L’élevage de bétail à grande échelle est arrivé plus tard dans les tropiques, mais il a adopté lui aussi l’optique de la révolution verte. Les races de bétail et les variétés d’herbes les mieux adaptées au milieu tropical et subtropical ont été identifiées, et elles ont provoqué une déforestation généralisée là où leur choix s’est avéré correct.
Pour la société comme pour l’environnement, les résultats ont été lamentables. La révolution verte a provoqué la famine, la pauvreté, les maladies découlant des produits agrochimiques, le déplacement des gens et la violation de leurs droits ; elle a causé aussi l’érosion du sol, la salinisation, la pollution de l’eau et son épuisement, la perte de la biodiversité naturelle et agricole et la déforestation généralisée.
Le monde – le Tiers Monde en particulier – attend toujours que l’Organisation des Nations unies pour l’Alimentation et l’Agriculture, qui a été le grand promoteur de la révolution verte, présente une évaluation sérieuse des malheurs qu’elle a apportés à des millions d’êtres humains et aux écosystèmes de la planète.
Pour aggraver encore les choses, la production massive des mêmes produits agricoles dans une foule de pays, couplée d’un contrôle serré des prix effectué par une poignée de sociétés transnationales et par les gouvernements du Nord, a fait que les prix de ces produits diminuent sans cesse, tandis qu’augmentaient sans arrêt les prix de l’outillage et des matériels agricoles contrôlés par le Nord. Pour faire face à leurs obligations extérieures, les gouvernements du Sud ont favorisé l’expansion de la frontière agricole, accroissant ainsi les problèmes inhérents au modèle de la révolution verte et diminuant encore les prix en raison de l’augmentation de la production.
Mais, quels que soient les problèmes, le système marche très bien, puisqu’il répond aux intérêts de ceux qu’il était censé favoriser. Le Nord est de plus en plus riche, comme le sont les élites du Sud. Le fait qu’il y ait de nombreux pauvres dans le Nord et que la pauvreté soit généralisée dans le Sud ne semble pas compter pour beaucoup aux yeux du commerce international. Ce qui compte, c’est que les sociétés transnationales sont ravies des profits qu’elles en tirent.
Ce qui précède explique en partie pourquoi ce modèle si destructeur est toujours en place.
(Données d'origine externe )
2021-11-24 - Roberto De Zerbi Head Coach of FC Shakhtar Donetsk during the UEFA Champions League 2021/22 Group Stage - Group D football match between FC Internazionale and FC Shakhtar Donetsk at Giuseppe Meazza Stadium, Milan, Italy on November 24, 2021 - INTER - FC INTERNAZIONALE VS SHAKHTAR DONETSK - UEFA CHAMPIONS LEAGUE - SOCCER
L’autre partie de l’explication réside dans les intérêts contradictoires des diverses transnationales. Il est intéressant de remarquer à cet égard que les réponses officielles à la déforestation se centrent davantage sur l’établissement d’aires protégées que sur la solution des vrais problèmes. Pourquoi ? Le fait est que certaines transnationales ont besoin de conserver la biodiversité (pour les industries biotechnologique et pharmaceutique), tandis que d’autres ont besoin des produits abondants et bon marché provenant des grandes monocultures. De même, alors que certaines d’entre elles visent l’appropriation et la commercialisation des ressources hydriques et sont donc intéressées à leur conservation, d’autres dépendent de la commercialisation de produits, agrochimiques par exemple, qui provoquent la pollution de l’eau. Les aires protégées sont la solution dans les deux cas : à l’intérieur, elles conservent l’eau et la biodiversité ; à l’extérieur, la destruction environnementale continue.
Cette situation nous rappelle un des chefs-d’oeuvre du cinéma italien, Il Gattopardo, où l’un des personnages principaux, qui appartient à la classe dominante, explique à son oncle pourquoi il a embrassé la lutte contre la monarchie : « Il faut tout changer pour que rien ne change ».